While at the United Cities Local Government Conference in Durban, South Africa, Edmonton City Councillor Bev Esslinger shared some of the stories of the work that has been done in Edmonton to address gender inequality.
Last week I travelled to Durban, South Africa to attend the United Cities Local Government Conference. I was honored to be part of the delegation from the Federation of Canadian Municipalities. It was amazing to see and hear from so many local elected officials leading municipalities around the globe. I was privileged to share what is happening in Edmonton and the challenges we face. It was really interesting that many of the municipalities have similar challenges.

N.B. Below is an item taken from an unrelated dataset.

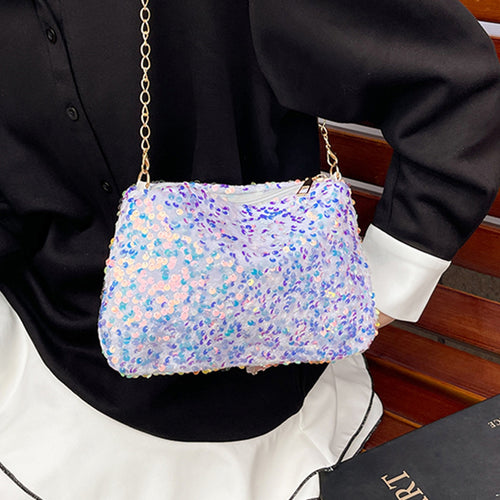 Damen Clutch-Tasche mit funkelnden Pailletten und praktischem Schulterriemen Nord Taschen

Gender equality is something we are all working towards. I was asked to share about how to advance gender equality at the local level. I was very proud to talk about the work that we have done to ensure that the voice of women is heard and a gender lens applied to today’s decisions that would impact all of our tomorrows. The creation of the Women’s Advisory Voice of Edmonton (WAVE) is one way that women’s concerns are shared. The WAVE committee is made up of women community leaders who are a voice to city council, who provide leadership and engage women in gender equity issues across the city. They have provided input and sparked change in the safety of women on transit, DATS transportation system and in taxi cabs. They have provided a voice to women and insight into a wide variety of city policies including childcare and the future of our city.
We have made great strides in changing our city from adjusting council hours to be more family friendly, creating new staff policies on childcare, and parental leave for councilors. This January, we will start a pilot on providing childcare during public hearings and committee meetings. We are working at providing opportunities for folks to have a voice by removing potential barriers.
Council itself has taken training on Gender Based Analysis Plus (GBA+) as part of their orientation. GBA+ is a tool that helps to understand how various diverse groups will experience policies, programs and initiatives. The plus means it’s about more than gender, and includes many identity factors like ethnicity, religion, age, socio-economic, mental or physical disabilities. City staff who deal with policy development have been trained, and currently we are developing our own training for staff. As we use a GBA+ lens, we have seen changes to our community engagement processes, bus network redesign, recruitment and our city strategic plan. It’s exciting to hear reports to council that talk about what has changed using a GBA+ lens.
We looked within the corporation and found areas of inequity for women, so we are also making changes to support gender equality through an intersectional lens including initiatives to support elimination of the gender gap in targeted occupations (fire, transit operators) and talent acquisition from training supervisors in the hiring process to remove barriers and unconscious bias.
We are consciously celebrating International Women’s Day every year at City Hall to raise awareness and importance of this work. We also measure our own progress as a City through the Women’s Quality of Life scorecard. Every two years we see how we are doing as a community on women’s health, education, pay gap, leadership and safety.
Parallel to this work on gender equity is work on Gender Based Violence & Sexual Assault prevention. A few years ago a headline, Deadmonton – the worst place to live if you are a women – frustrated and angered many of us (including me). When digging deeper into why we held that title, we discovered our high rates of domestic violence and sexual assault were partly to blame, so we raised the profile of this work and are working with our community on it.
Affordable housing and homelessness is a challenge faced by many municipalities and Edmonton is no different. We desperately need more permanent supportive housing and affordable housing for many. We don’t do this alone and are working with other orders of government to meet the needs.
I also shared some of the actions we are taking on climate change because local municipalities and the infrastructure and services we manage are at the front lines of this risk.
Protecting our environment is about expanding our knowledge, making changes in how we live and sometimes learning to adapt to changes that have already taken place. Today we see the challenge, understand its impact and are looking for innovative local solutions.
We don’t have all the answers but we are working to take actions that move us in the right direction – one step at a time!